— Итак, мадемуазель Софи, вы либо доверяете мне, либо не доверяете. Третьего не дано. Но оговорюсь заранее: если все же решите доверять, то во всем. Иными словами, если я предлагаю что-то, вы это не оспариваете, не отвергаете, а верите, что решение правильное, потому что я опытнее вас и лучше знаю те края, куда мы держим путь.

— Вы же говорили, что не были в Австрии.

— Неважно. Я знаю, как там может быть, в то время как вы и этого не знаете… Я же просил — без обид… Что это вы скривились? Кое-что натерли? Нужен привал? Пожалуйста, привыкайте к лошади побыстрее, а то вы сидите на Шери, как, прошу прощения, собака на заборе… Ну вот, вы опять съехали на сторону!

Соня страдальчески улыбнулась Бернару, но ничего на его замечание не ответила. Они ехали верхом, а поскольку Соня сидела на лошади первый раз в жизни…

— Почему я всегда считал, что аристократки непременно умеют ездить верхом? — нарочито недоумевал Бернар, с усмешкой наблюдая ее попытки держаться в седле прямо и с достоинством. Прямоты хватало на несколько мгновений, а потом круп лошади словно уходил из-под нее, и Соня заваливалась набок, лихорадочно хватаясь за поводья.

Наконец Бернар сжалился над нею и бесстрастным голосом объявил:

— Привал!

Спешился сам, а потом снял с коня княжну, которая от усталости просто свалилась к нему в руки. Так было в первый день пути, и Соня уже стала сомневаться в том, что она когда-нибудь освоит этот вид передвижения.

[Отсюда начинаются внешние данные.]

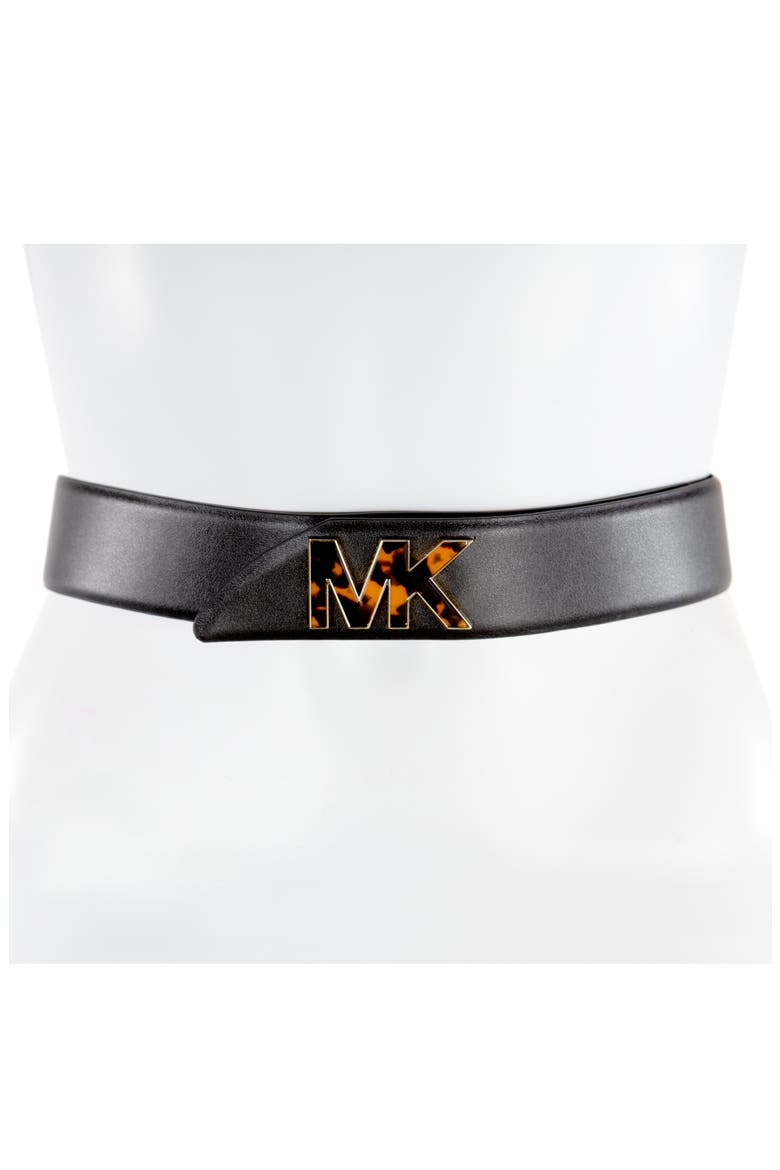 Logo Hardware Leather Belt, Alternate, color, BLACK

После отдыха ей было страшно и подумать, что до вечера опять придется скакать — почему этот мсье Роллан не предложит ехать шагом? В тот вечер она заснула, не раздеваясь. Бернар усмехнулся, но ничего не сказал.

На второй день пути Соня приноровилась сидеть прямо, а на третий спешилась почти самостоятельно — Бернар всего лишь придержал ее.

Теперь они сидели в тени какого-то раскидистого дерева.

Княжна предавалась своим размышлениям, в то время как ее сопровождающий доставал съестные припасы.

…Как она ни сопротивлялась, но свою одиссею рассказала Бернару от начала до конца. Почти. Моменты, которые княжну не слишком красили, но имели место, она благоразумно опустила. О Фуше Соня сказала лишь мимоходом. Собирались, мол, послать с нею одного человека, но он захворал, что-то случилось с его головой…

Но Бернар на ее рассказ о Фуше почему-то заинтересованно откликнулся:

— Вот видите, ваше сиятельство, насколько милостива судьба к некоторым своим любимцам? Как вы считаете, этот человек — выдающийся?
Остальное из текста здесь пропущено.